Ataques na rede social começaram após confirmação de coronavírus em estrangeiro, o que a deixou com medo

PRUDENTE - ROBERTO KAWASAKI

Data 29/03/2020
Horário 08:49
Cedida - Milena teve receio de sair de casa para ir ao supermercado Foto: Cedida - Milena teve receio de sair de casa para ir ao supermercado

“Depois que tudo isso começou, passei a receber mensagens de ódio, de pessoas me mandando sair do país”. Essa é a afirmação de Milena Fernandes Mendes, 28 anos, jornalista de Presidente Prudente que reside em Ulaanbaatar, capital da Mongólia. O ataque xenofóbico surgiu após a confirmação do primeiro caso do vírus no país, que testou positivo para um francês. “Existe um histórico de racismo contra estrangeiros aqui [xenofobia], e acusam o governo de terem esperado por um estrangeiro ser contaminado para, só então, confirmar o caso”, afirma.

Localizada na Ásia Oriental, a Mongólia faz fronteira com a China – epicentro do Covid-19, o novo coronavírus. Devido à proximidade entre as nações, a vulnerabilidade em ser contaminado é ainda maior. De acordo com a jornalista, depois de confirmado o primeiro registro, o homem foi colocado em quarentena, onde seguiu em tratamento. Outras 200 pessoas que estiveram com ele testaram negativo para a contaminação.

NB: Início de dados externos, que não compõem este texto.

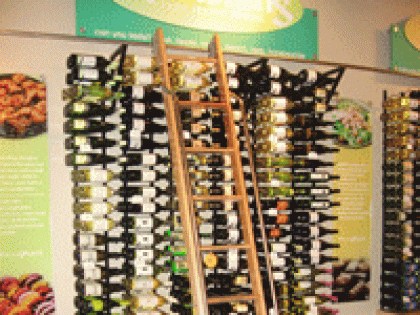 A ladder is going up to a wall of wine bottles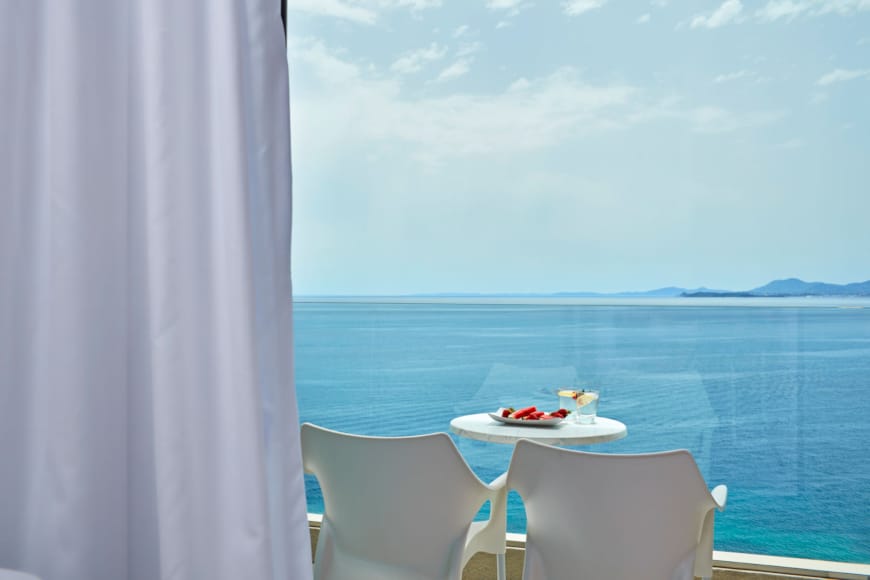 a table and chairs on a boat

“Na mesma terça, fui ao médico para checar se eu estava bem. Por precaução médica, recebi comando de ficar em quarentena o máximo possível em casa”, lembra a jornalista. Após sofrer ataques no Facebook, ficou com receio de sair de casa. Quase uma semana depois, conseguiu ir ao supermercado, porém, tomando algumas precauções: óculos de sol e máscara no rosto, escolha não apenas para prevenir o vírus, mas para não ser identificada. “Estava vivendo um medo muito grande, algo que não tinha vivido”, lamenta.

“VOLTANDO

AO NORMAL”

Devido ao vírus, na Mongólia também houve mudança na rotina. No final de janeiro, a fronteira com a China foi fechada devido ao fluxo de visitantes em celebração ao Ano Novo Lunar Chinês. Inclusive, no Centro de Língua Inglesa de uma universidade, onde a jornalista trabalha, houve mudança de rotina.

Até o final da semana passada, a cidade estava sem movimento de pessoas e veículos. “Mas algumas coisas estão voltando ao normal, as lojas de comércio reabriram, e já se vê maior movimentação nas ruas”, observa Milena.